Getting Started Wizard を完了したのに EUM アプリケーションキーが付与されない場合は、「アプリケーションキーの取得」を参照してください。

エージェントの初期化

アプリケーションの起動後すぐにモバイルエージェントを初期化するには、アプリケーションの AppDelegate.m ファイルを編集します。これによりアプリケーションが登録されます。編集はコードで一度だけ実行する必要があります。

  1. AppDelegate.m ファイルに次の import ステートメントを追加します。

    #import <ADEumInstrumentation/ADEumInstrumentation.h>
    OBJ-C
  2. didFinishLaunchingWithOptions メソッドで、Getting Started Wizard の完了時に受領した EUM アプリケーションキーを使用して ADEumAgentConfiguration オブジェクトを作成し、iOS エージェントを初期化します。

    // Example EUM App Key: "AAA-AAB-AUM"
    ADEumAgentConfiguration *config = [[ADEumAgentConfiguration alloc] initWithAppKey:<#EUM_APP_KEY#>];
    OBJ-C

    コードは次のように指定する必要があります。

    #import <ADEumInstrumentation/ADEumInstrumentation.h>
    #import "AppDelegate.h"
     
        // ...
        -(BOOL)application:(UIApplication *)application didFinishLaunchingWithOptions:(NSDictionary *)launchOptions
        {
            // Example EUM App Key: "AAA-AAB-AUM"
            ADEumAgentConfiguration *config = [[ADEumAgentConfiguration alloc] initWithAppKey:<#EUM_APP_KEY#>]; 
            // other tasks
            return YES;
        }
    
    OBJ-C
  3. iOS エージェントを設定して地域内の SaaS EUM サーバにメトリックとスクリーンショットを報告し、ADEumAgentConfiguration オブジェクトをメソッド initWithConfiguration に渡してエージェントを初期化します。(オンプレミスの EUM サーバを使用している場合は、「オンプレミス展開用の iOS エージェントの構成(オプション)」を参照してください)。
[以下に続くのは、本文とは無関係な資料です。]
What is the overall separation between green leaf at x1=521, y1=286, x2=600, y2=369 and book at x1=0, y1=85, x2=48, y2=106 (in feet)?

    #import <ADEumInstrumentation/ADEumInstrumentation.h>
    #import "AppDelegate.h"
     
        // ...
        -(BOOL)application:(UIApplication *)application didFinishLaunchingWithOptions:(NSDictionary *)launchOptions
        {
            ADEumAgentConfiguration *config = [[ADEumAgentConfiguration alloc] initWithAppKey:<#EUM_APP_KEY#>];
            //The default SaaS EUM Server and Screenshot Service are in the Americas, 
    		// so you can omit the following settings if you are in the Americas.
            config.collectorURL = "https://<your_region>.eum-appdynamics.com";
            config.screenshotURL = "https://<you_region>-image.eum-appdynamics.com/";
            [ADEumInstrumentation initWithConfiguration: config];
            // other tasks
            return YES;
         }
    
    OBJ-C
  4. (オプション)アプリケーションが別のツールを使用してクラッシュを報告している場合、iOS エージェントは次のメッセージによる警告を行うことがあります。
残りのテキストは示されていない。